Imposição
tirânica que faz adoecer – Lissi Bender*
Seja sincero,
você ainda consegue frequentar algum espaço público, em nosso meio, em que
pessoas se encontram e todas falam em tom normal e respeitoso? Você consegue
ainda encontrar um lugar público sem a presença impositiva da TV? Conhece algum
evento público, mesmo comunitário, em que o som da música se propague naturalmente,
e as pessoas se encontrem para celebrar, confraternizar, sem potentes caixas de
som, sem zoada?
Conhece emissoras
de radio e TV em que comerciais não pareçam latido de cachorro raivoso? Ainda
existe alguma rua livre da imposição de alto-falantes e por onde não transitem
carros com som em volume máximo? Um lugar livre de foguetório, nem que seja de
madrugada?
Aqui em casa a
televisão fica confinada na salinha de fundos. Mesmo assim não estou livre
de ruidosos comerciais. Vou ao consultório, lá está ela. Vou ao
laboratório para fazer exames e lá está a TV ligada. (Em seu lugar poderiam
oferecer livros de contos, de poesias, jornais atualizados). Por onde circulo
encontro TV ou outro som ligado. A tirania do barulho está disseminada.
Na maioria dos
eventos públicos então parece que soltaram toda uma matilha de cães. O som que
sai das caixas é tão alto que aos convivas só resta gritar. Todo mundo grita na
vã tentativa de se fazer ouvir. De modo que, ao fim e ao cabo, tanto na urbe
quanto no interior, as festas se resumem a gritar, comer, beber e dançar. Que
saudade das quermesses de minha infância que normalmente aconteciam ao ar
livre, eram celebradas em meio a um bosque. A orquestra não carecia de
amplificadores de som. Aliás, festas comunitárias ao ar livre, em que as
pessoas se encontram para prosear, com bandas ao vivo, sem caixas de som, eu
vivencio ainda hoje na Alemanha.
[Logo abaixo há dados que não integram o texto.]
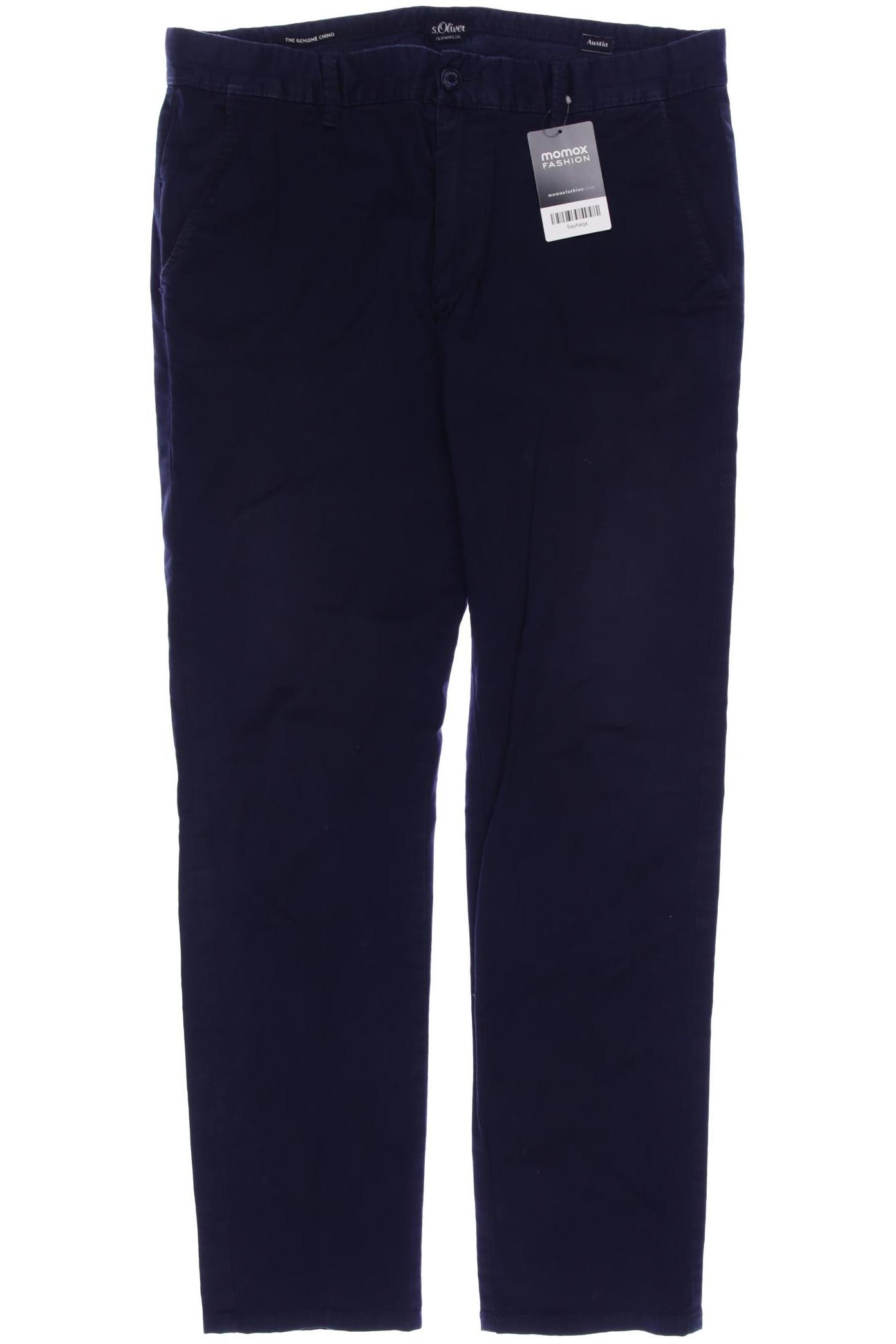 

s.Oliver Herren Stoffhose, marineblau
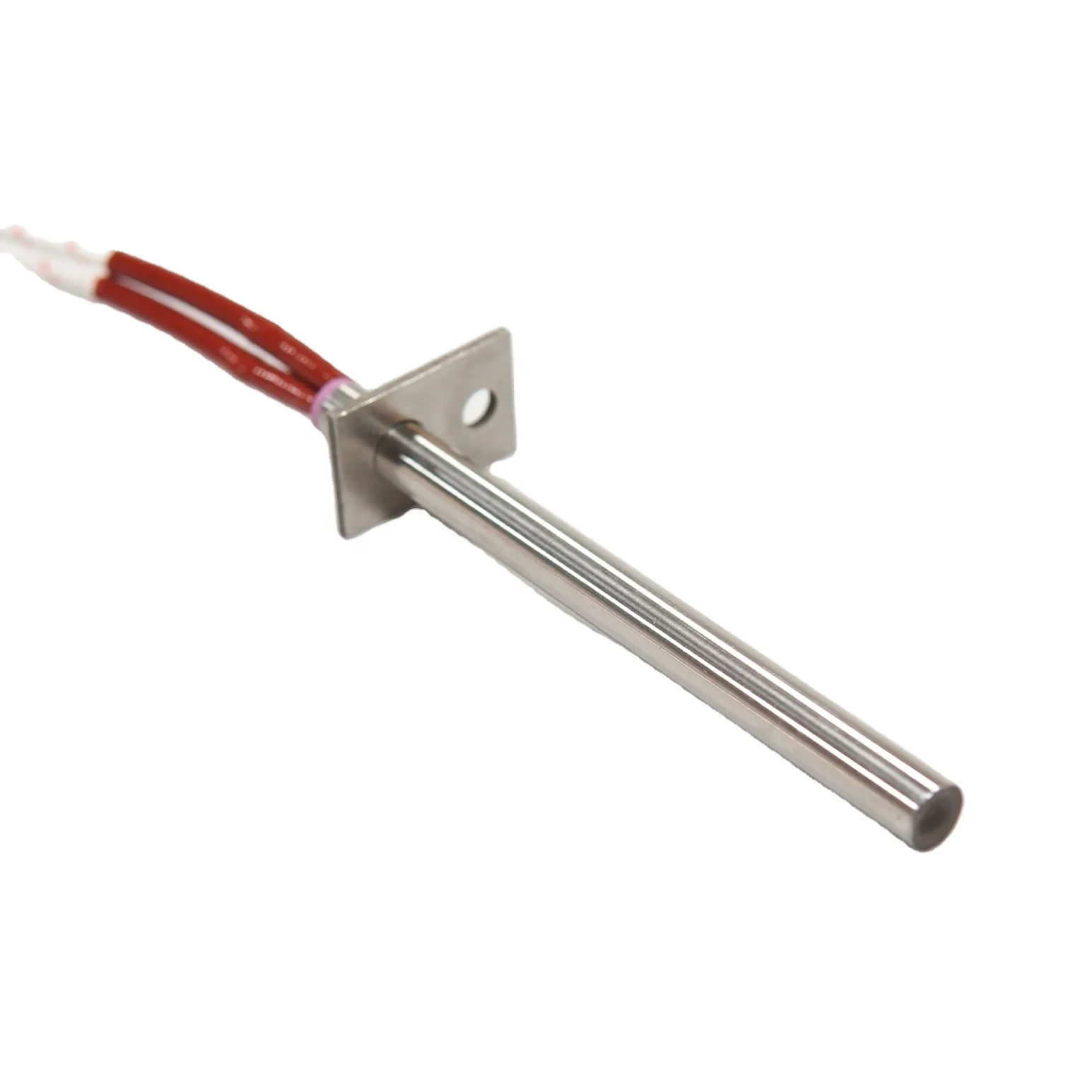 China industry electric 30w 100w 12v 12 volt water dc resistance cartridge heater heating element 158 mm factory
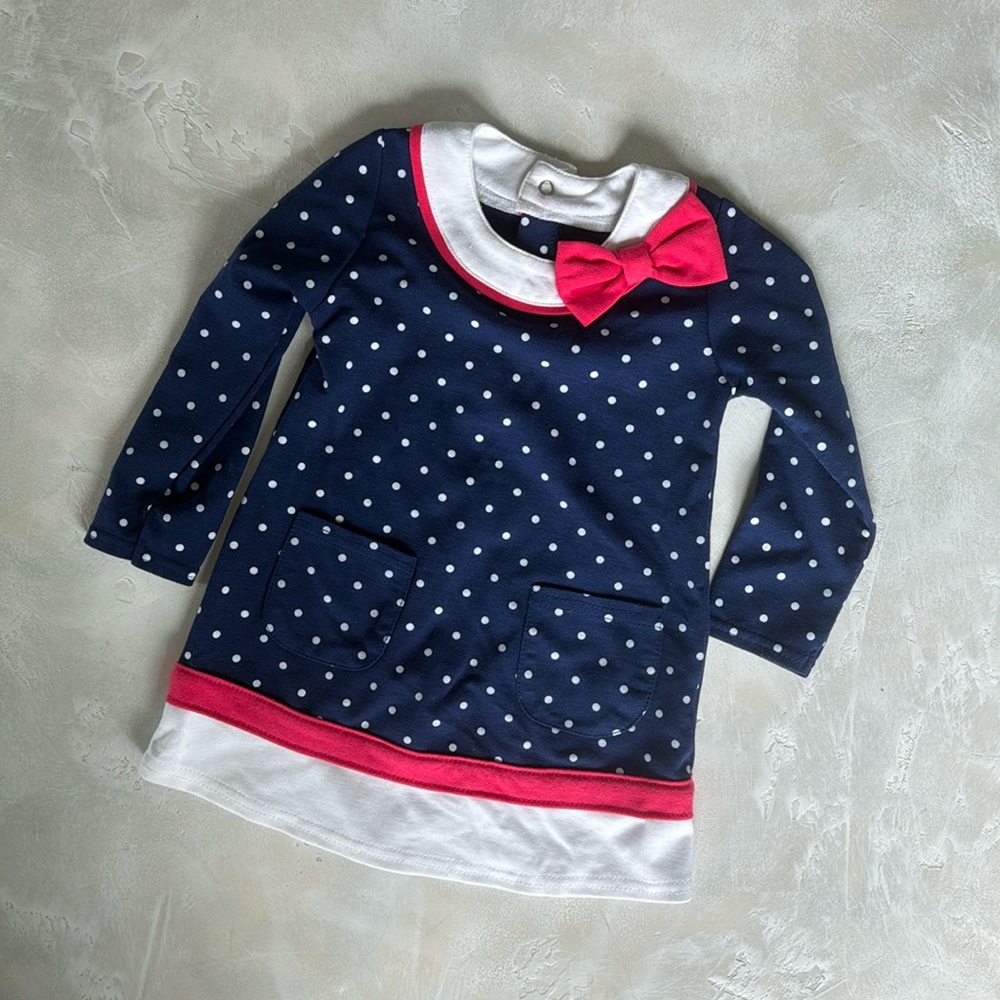 Polkadot baby dress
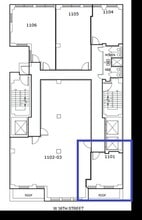 252 W 38th St, New York, NY to rent Floor Plan- Image 2 of 2
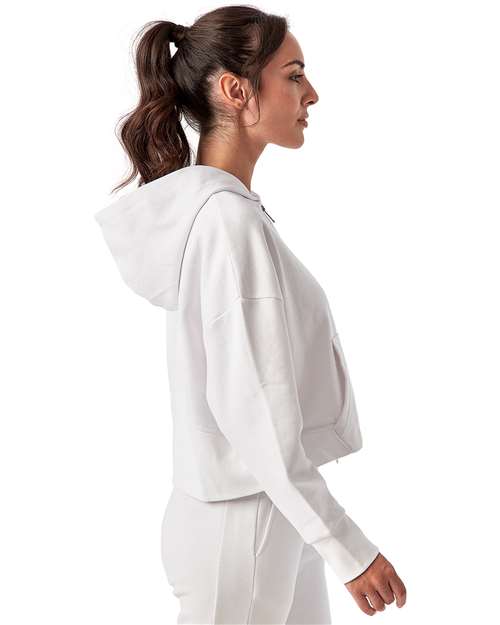 Women's Alice Half-Zip Hooded Sweatshirt - TD077 30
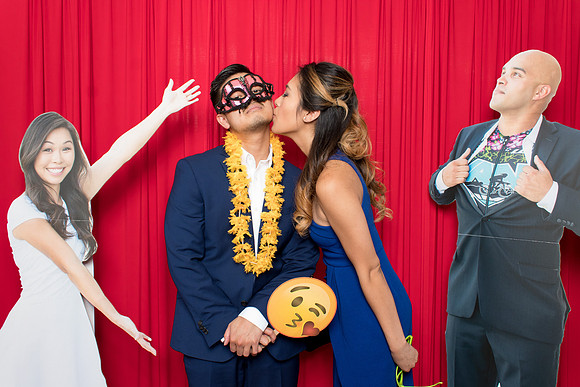 50026 - Kim + Derrick Wedding Photobooth 2018
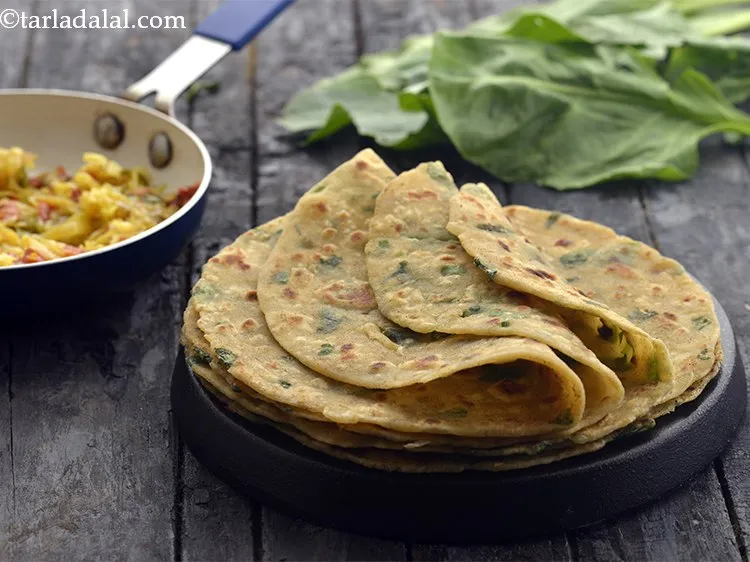 Step 21 – Serve the <strong>paushtic roti</strong> immediately.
Por aqui acabaram com elas. Aqui, as pessoas
já não se encontram mais para conversar, trocar ideias, impossível! A zoeira é
tanta que desisti de participar delas. Schade, pena, mas preciso
preservar meu equilíbrio interior, proteger minha alma para não adoecer em meu
ruidoso meio social.
Não somente em
festas e em comerciais se impõe a tirania do barulho. Por toda parte o homem se
impõe pelo grito. Seja em certas igrejas, onde se esbraveja, como se Deus e os
fiéis fossem surdos; seja nas ruas pela imposição de alto-falantes a anunciarem
a próxima festa da “paçoquinha”, pelos sons automotivos que fazem as latarias
tremerem e os tímpanos também; seja pelos foguetórios em qualquer horário. Não
estaria o ser humano se esvaziando de conteúdo interior? E nesse esvaziamento
não estaria se transformando em “carroça vazia” que em suas andanças por este
mundo, somente tem a oferecer o barulho que faz?
De todo modo,
certo é, estamos desaprendendo a conviver respeitosamente em sociedade. Em meio
à tirânica imposição do barulho, estamos perdendo um dos mais preciosos
valores humanos: a consideração pelo semelhante. Mais, estamos adoecendo
enquanto sociedade. O excesso de barulho, assim como um câncer, está a tomar
conta de todo o tecido social, corroendo-o sem remissão!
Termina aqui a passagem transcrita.